What trade did you enter? Pipefitting
When did you start your apprenticeship? 1980
What made you want to pursue a career as a pipefitter? I went to SUNY Delhi and took plumbing and heating. Kodak went down and interviewed at Delhi for pipefitter apprentices and that’s when I got into it.
How did your career progress after you finished trade school? After I got out of the apprenticeship program, I pretty much stayed in the pipefitting realm until early 2000, when I started looking into construction management opportunities, and an opportunity in the engineering division. They were looking for technicians, so they interviewed for chemical process technicians and I was offered that position as an assignment. So I was working with guys like Mark Haboian in that group. I did two and a half years with that group, then went back to construction, and eventually joined Optimation. I was basically doing pipefitting and job superintendent work at first, then I got into estimating, then I was overseas on Corning projects as a field installation engineer, then a leadership position came up here.

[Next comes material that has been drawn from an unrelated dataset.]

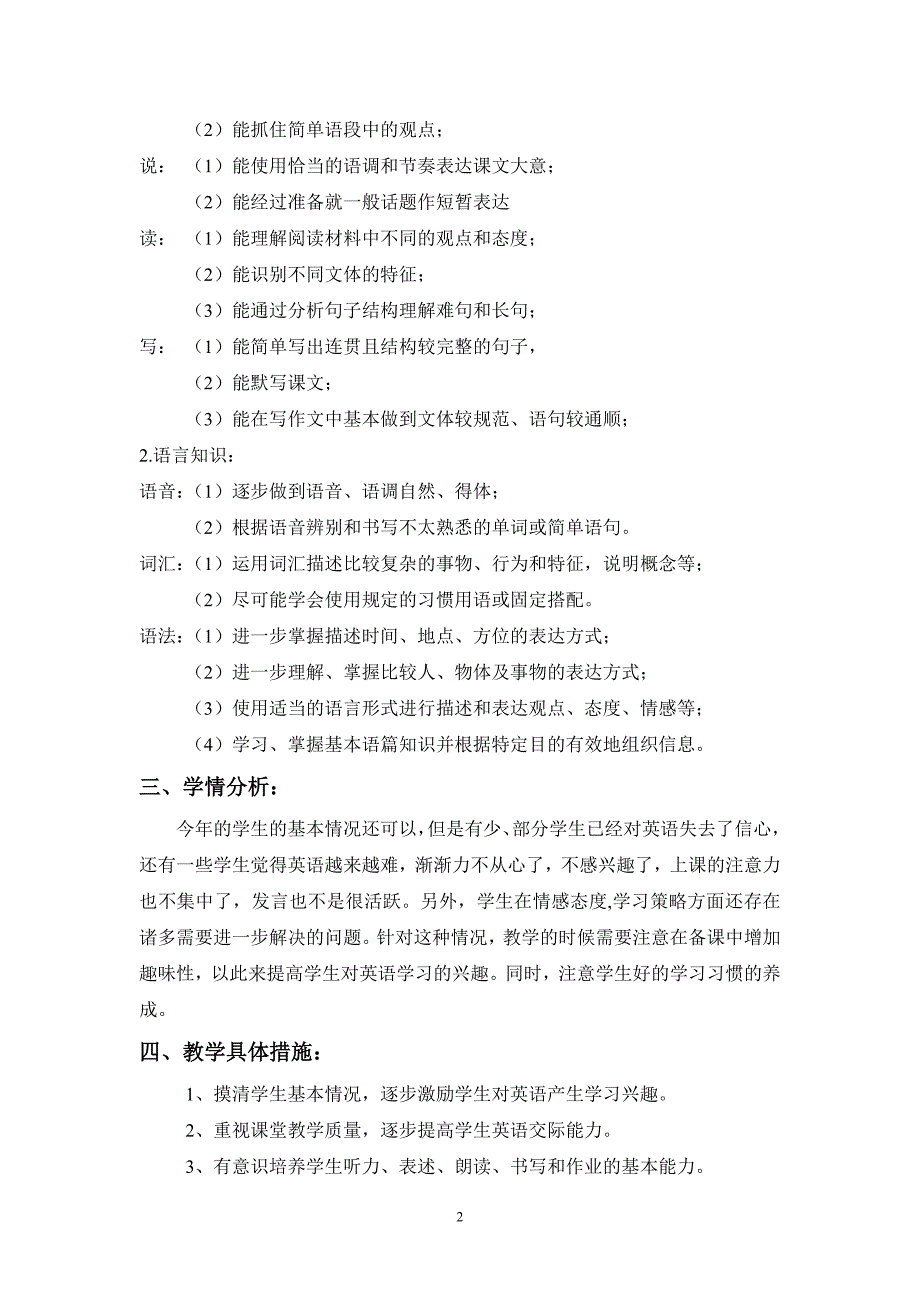 2018人教版九年级英语教学计划.doc_第2页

What have you enjoyed about your career? I really enjoyed the physical and mental combination of the job. Doing the pipefitting, planning your job, thinking ahead, looking at obstacles, then executing the project. And then when you’re done, you can see what you did – it’s rewarding. And the camaraderie, working with different skilled tradespeople. I developed a lot of strong relationships.
What is the best advice you’ve ever received from a coworker or a mentor? Take pride in what you do. Always put the job first.
What excites you about the next generation of apprentices? Just being able to watch them progress. Some of them come in with very little background and progress through to become skilled workers. That’s the most rewarding, to see them become successful.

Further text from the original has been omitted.